= Beginning of Section =

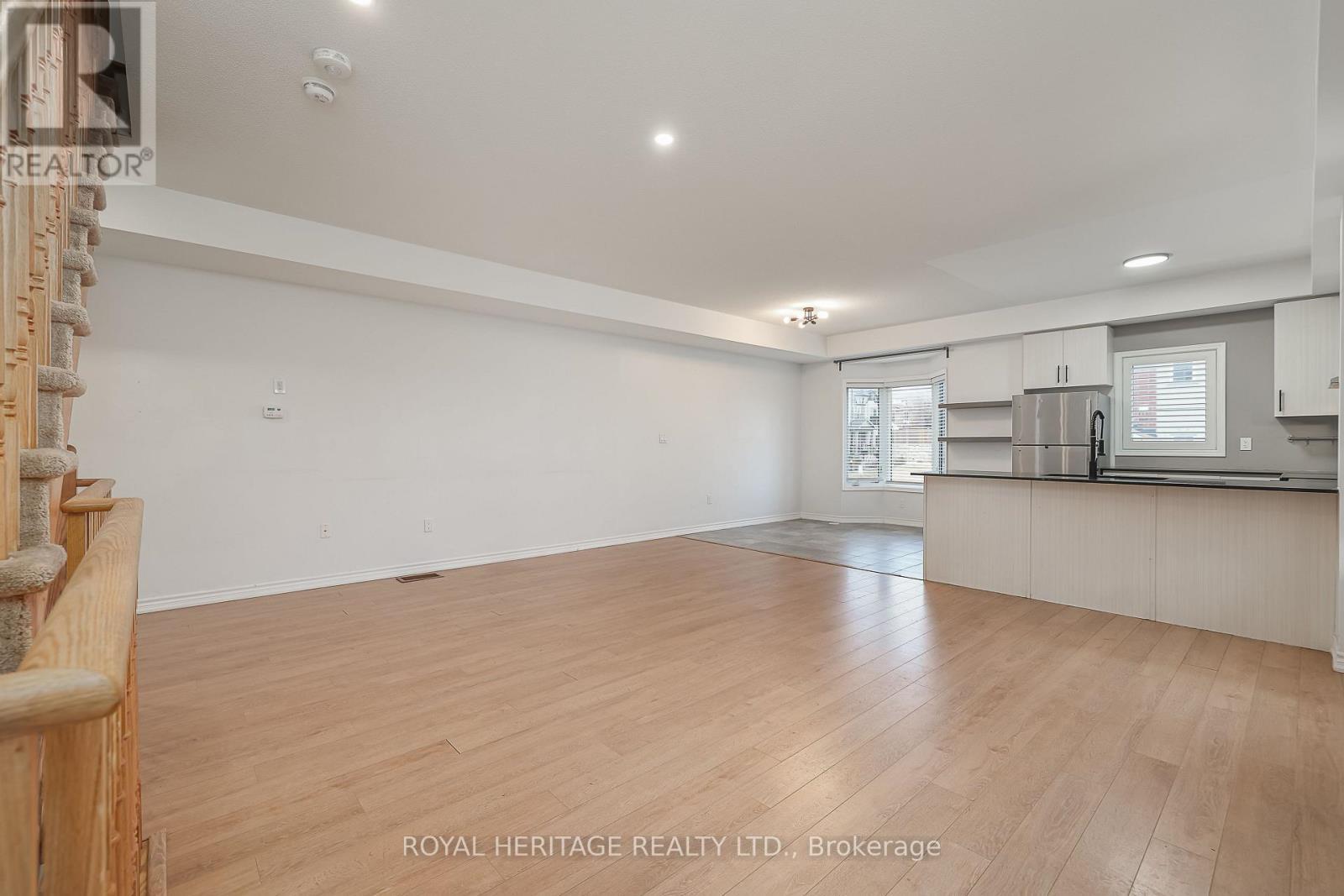 












2 DUNSLEY WAY

,
Whitby (Pringle Creek),




Ontario
L1N0L5

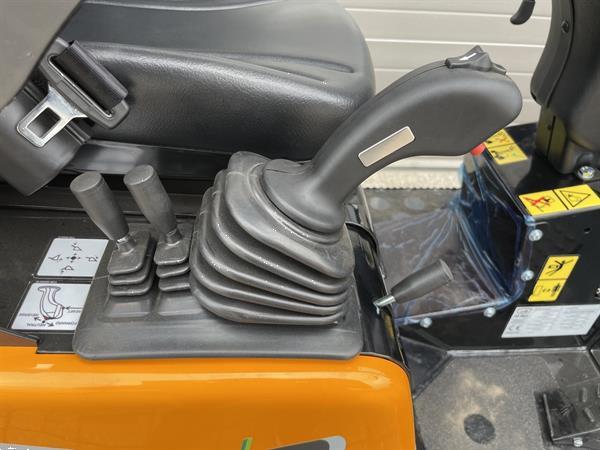 Grote foto giant g1500 minishovel kniklader nieuw 495 lease agrarisch shovels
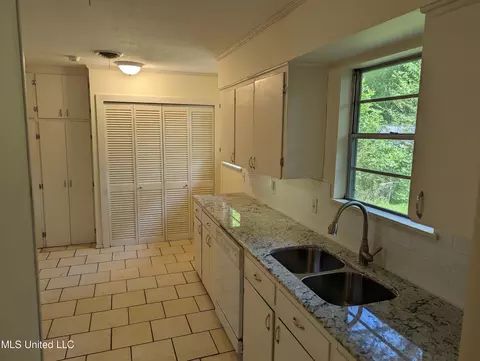 5378 Jamaica Drive Dr, Jackson, MS 39211 photo 8
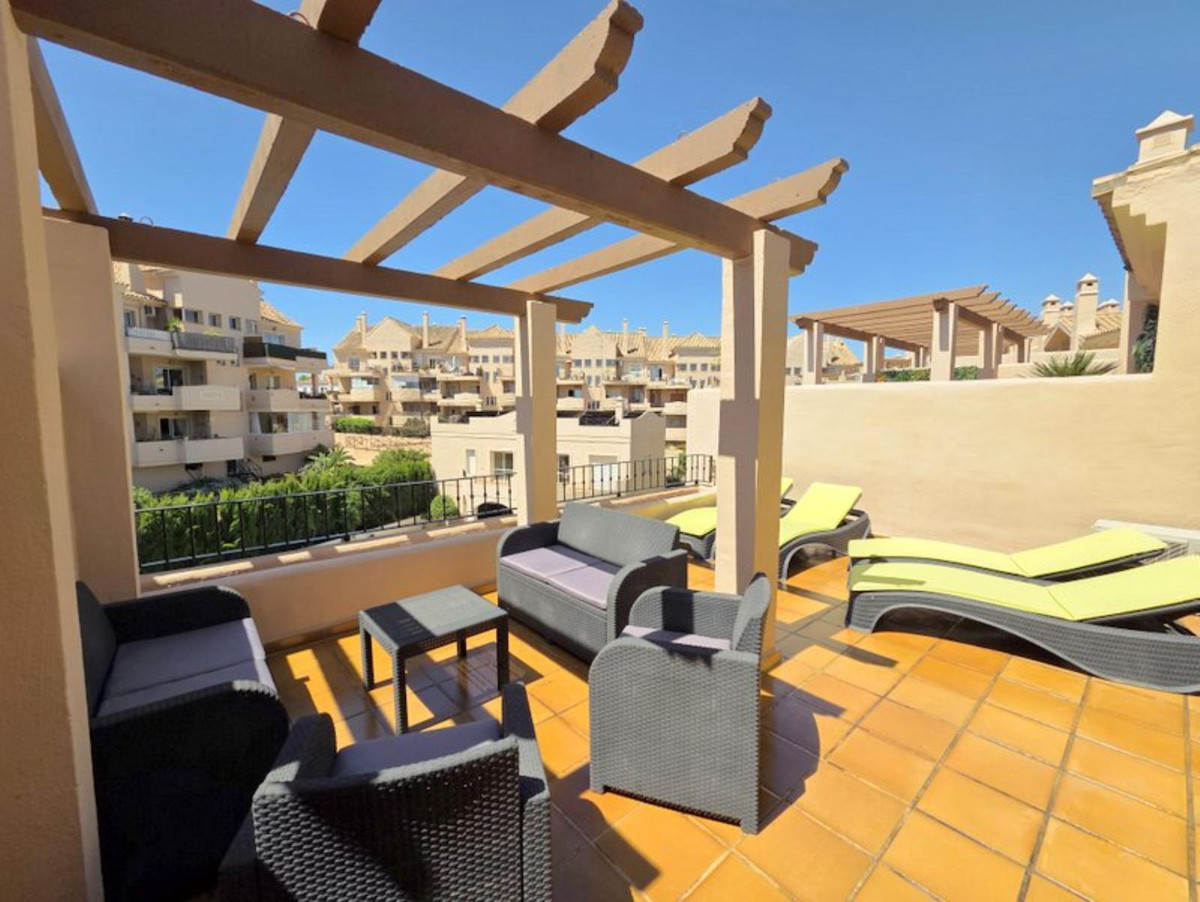 3 Bed Apartment for sale in La Duquesa Costa Del Sol, Málaga, Spain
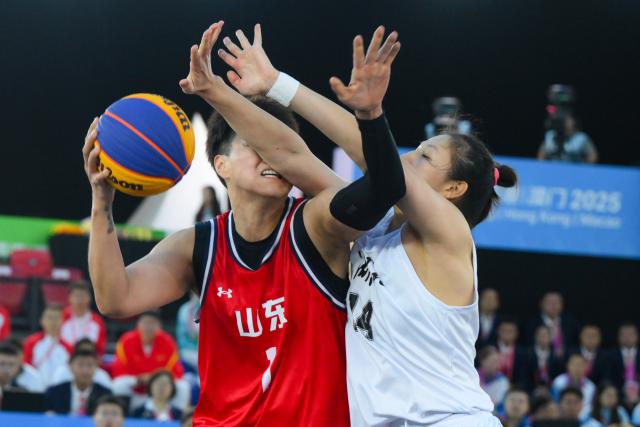 (251115) -- MACAO, Nov. 15, 2025 (Xinhua) -- Yang Hengyu of Shandong vies with Zhou Mengyun of Hubei during the final match of women's 3x3 basketball between Hubei and Shandong at China's 15th National Games in Macao, south China, Nov. 15, 2025. (Xinhua/Cheong Kam Ka)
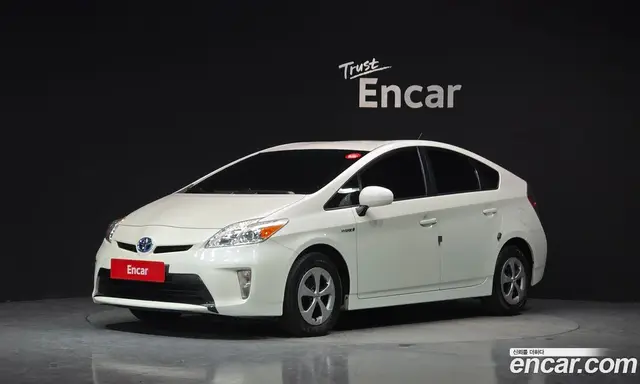 Toyota Prius, 2015, 125 801 км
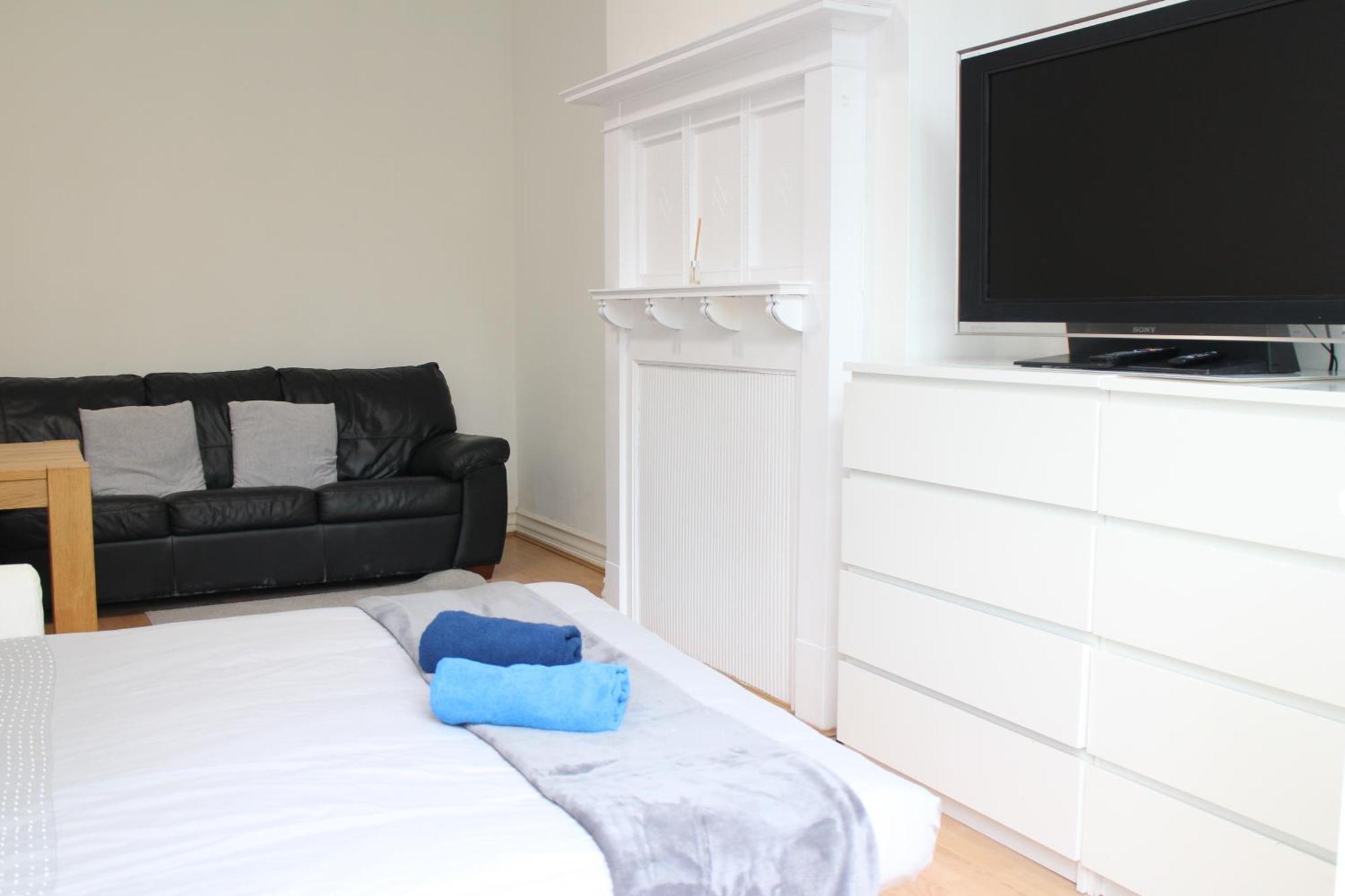 Large Garden Apartment On Golders Green High Road Londra Dış mekan fotoğraf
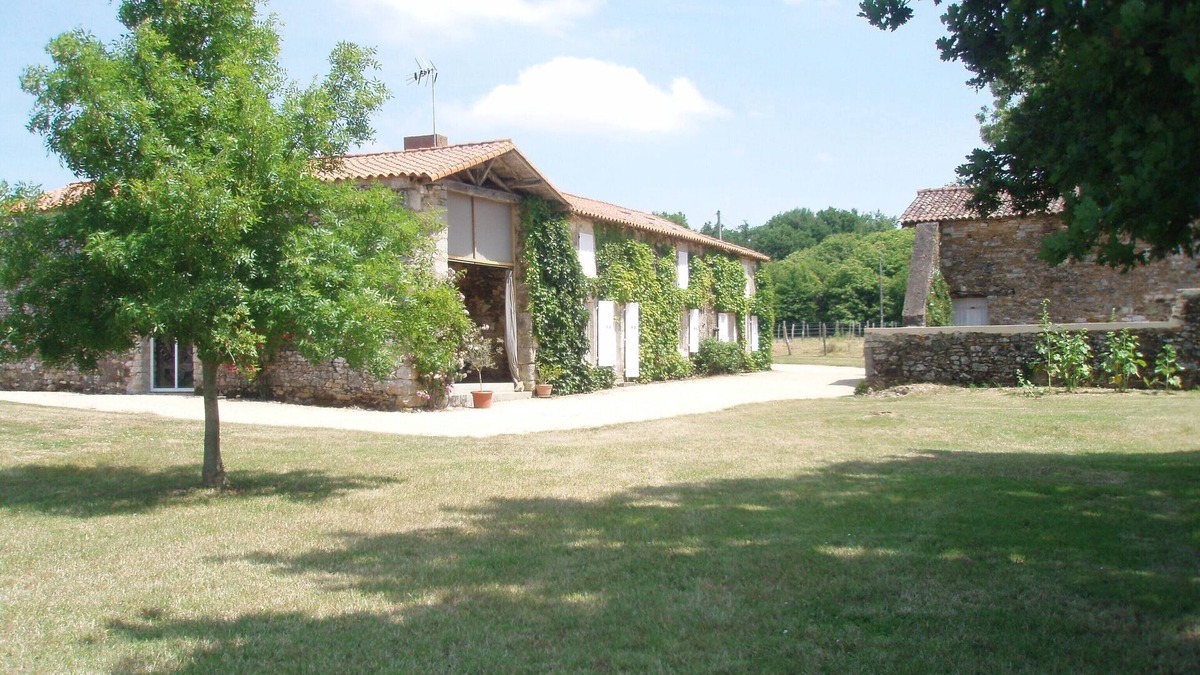 La Jaudonniere House | Old farmhouse renovated in a setting of meadows and forests.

= End of Section =

Take the line containing "3 Bed Apartment" as the first line and the last line of the data above as the final one, and output exactly the lines between them, inclusive, with no pictures.

> _Result of the exercise_:
 3 Bed Apartment for sale in La Duquesa Costa Del Sol, Málaga, Spain
 (251115) -- MACAO, Nov. 15, 2025 (Xinhua) -- Yang Hengyu of Shandong vies with Zhou Mengyun of Hubei during the final match of women's 3x3 basketball between Hubei and Shandong at China's 15th National Games in Macao, south China, Nov. 15, 2025. (Xinhua/Cheong Kam Ka)
 Toyota Prius, 2015, 125 801 км
 Large Garden Apartment On Golders Green High Road Londra Dış mekan fotoğraf
 La Jaudonniere House | Old farmhouse renovated in a setting of meadows and forests.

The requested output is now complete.